» **DIRECTIONS FOR THIS TASK**
Search the data for "Backpack". Return each matching line.

────────────────

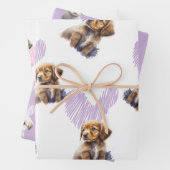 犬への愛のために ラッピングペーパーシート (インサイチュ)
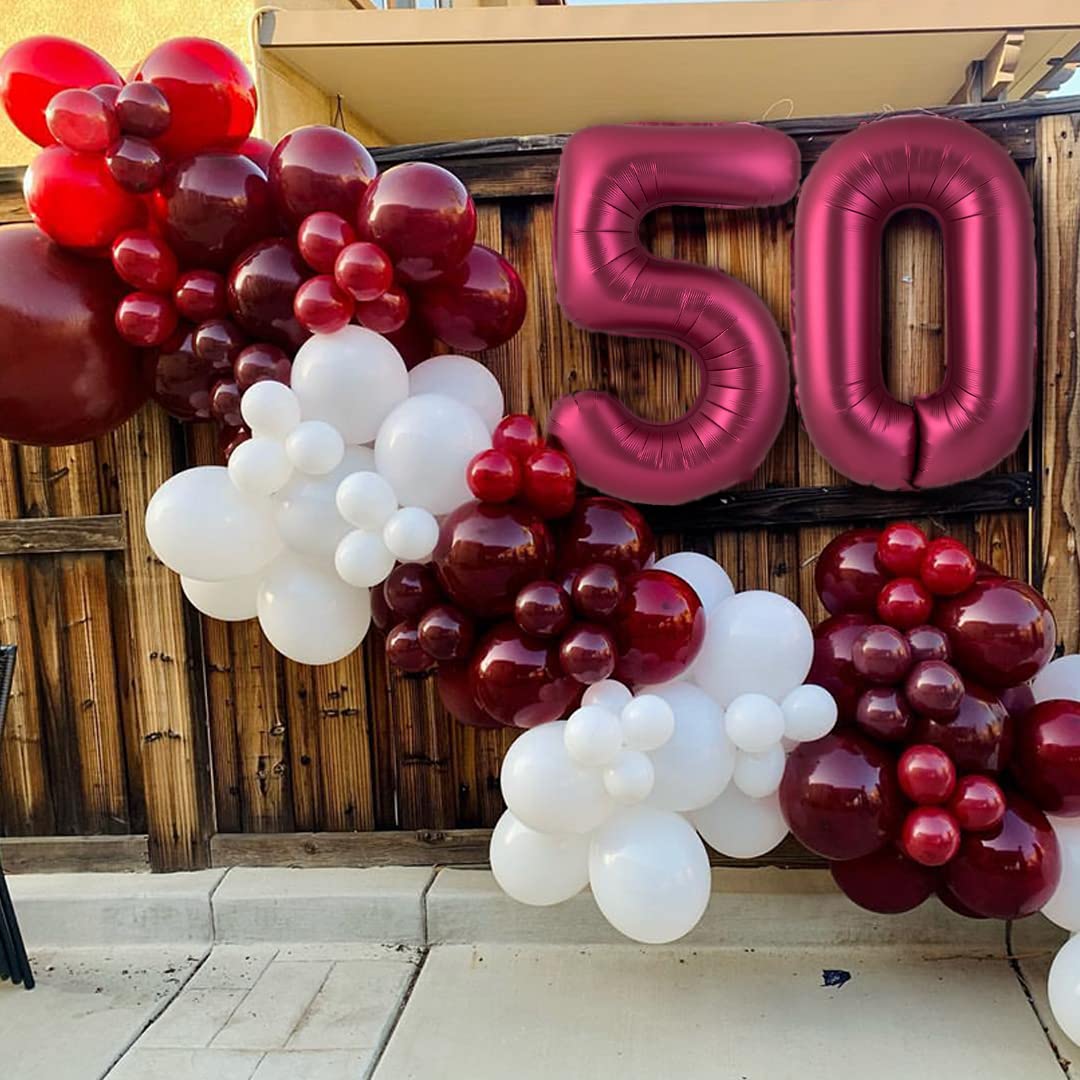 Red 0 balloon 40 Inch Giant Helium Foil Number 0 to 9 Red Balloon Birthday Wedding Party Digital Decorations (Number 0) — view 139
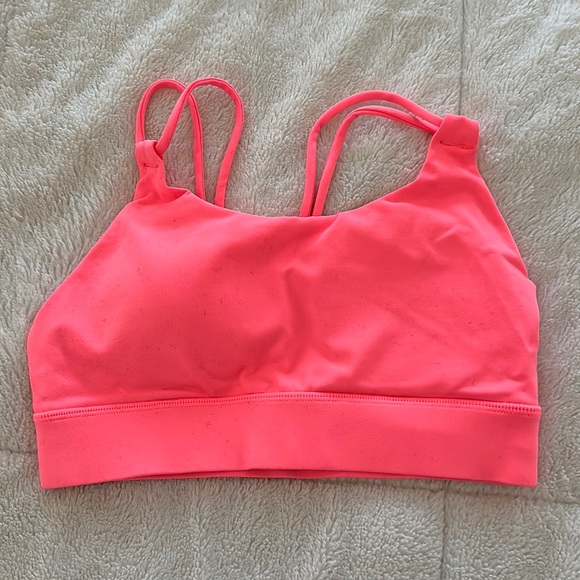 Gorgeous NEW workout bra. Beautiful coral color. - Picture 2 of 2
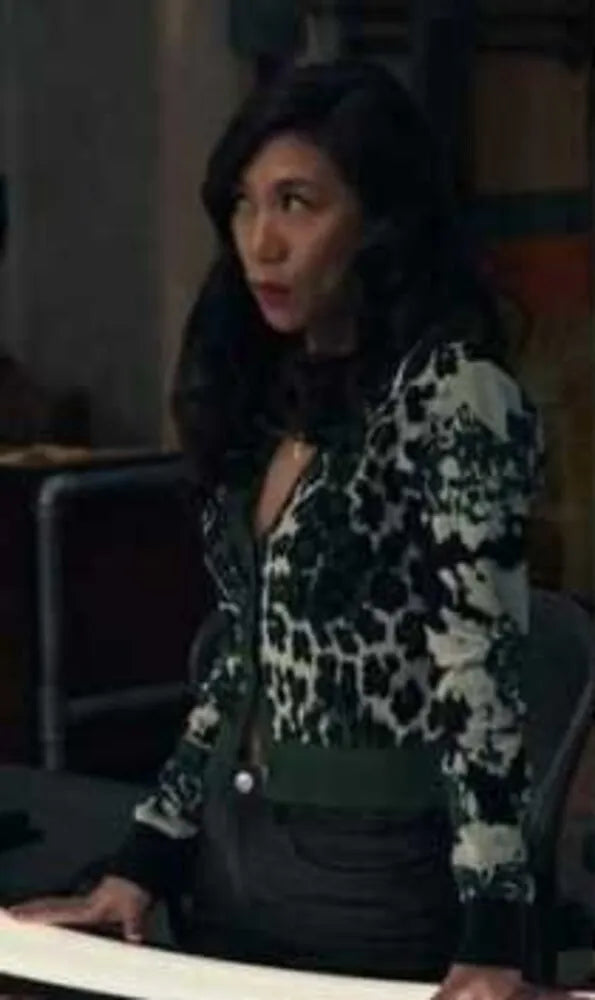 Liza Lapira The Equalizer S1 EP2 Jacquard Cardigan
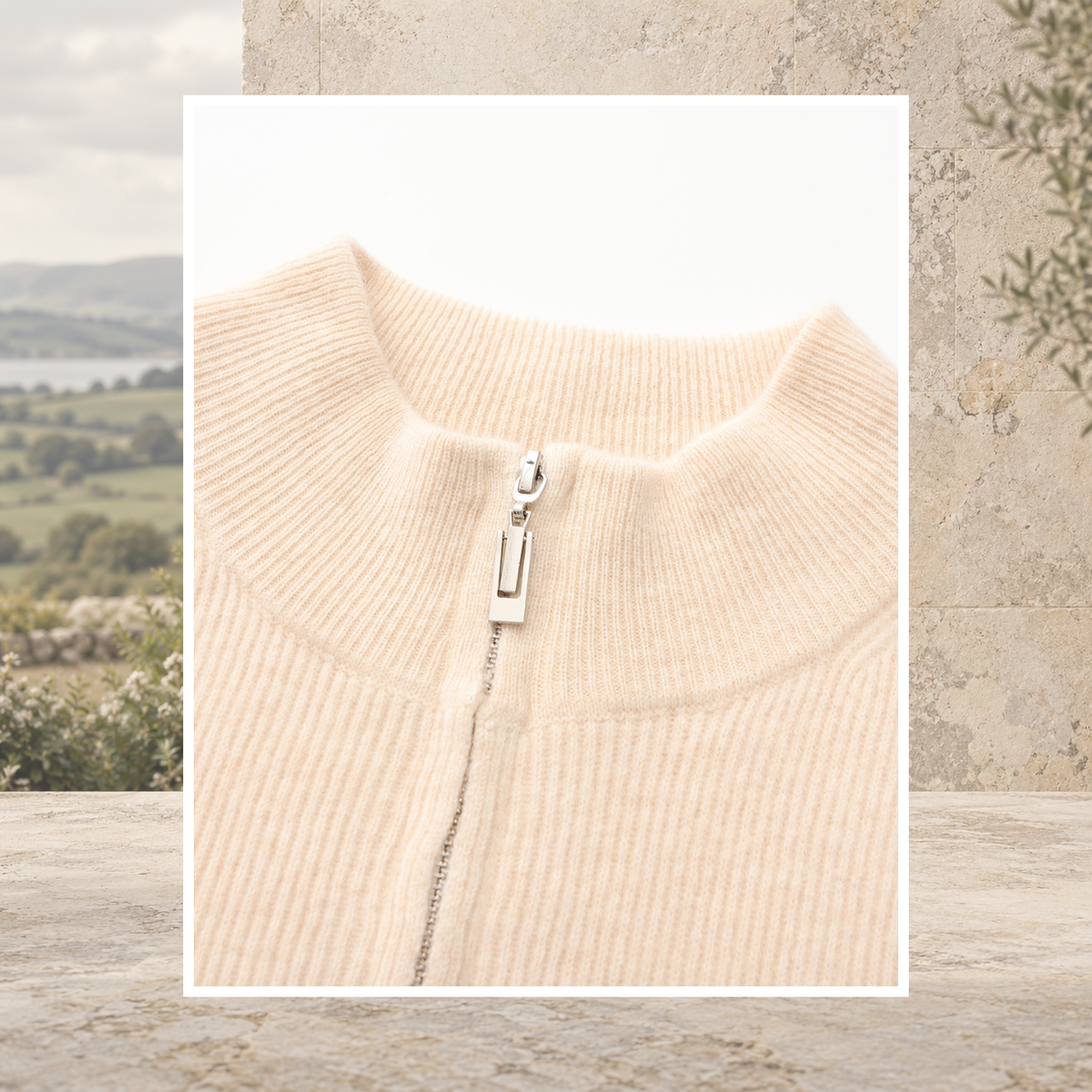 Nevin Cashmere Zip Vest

────────────────

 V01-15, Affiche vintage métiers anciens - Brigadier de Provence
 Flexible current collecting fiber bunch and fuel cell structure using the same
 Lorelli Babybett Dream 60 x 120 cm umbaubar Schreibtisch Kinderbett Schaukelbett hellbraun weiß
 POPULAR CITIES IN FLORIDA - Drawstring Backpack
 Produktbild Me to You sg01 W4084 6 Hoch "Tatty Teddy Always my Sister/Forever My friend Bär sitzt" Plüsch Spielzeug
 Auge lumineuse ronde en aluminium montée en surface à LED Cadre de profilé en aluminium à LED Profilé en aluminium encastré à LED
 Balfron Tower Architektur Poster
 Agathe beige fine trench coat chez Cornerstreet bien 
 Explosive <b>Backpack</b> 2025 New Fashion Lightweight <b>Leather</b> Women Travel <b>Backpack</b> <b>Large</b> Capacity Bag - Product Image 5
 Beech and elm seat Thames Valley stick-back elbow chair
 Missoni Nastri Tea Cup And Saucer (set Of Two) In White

────────────────

» **WRITTEN ANSWER**
 POPULAR CITIES IN FLORIDA - Drawstring Backpack
 Explosive <b>Backpack</b> 2025 New Fashion Lightweight <b>Leather</b> Women Travel <b>Backpack</b> <b>Large</b> Capacity Bag - Product Image 5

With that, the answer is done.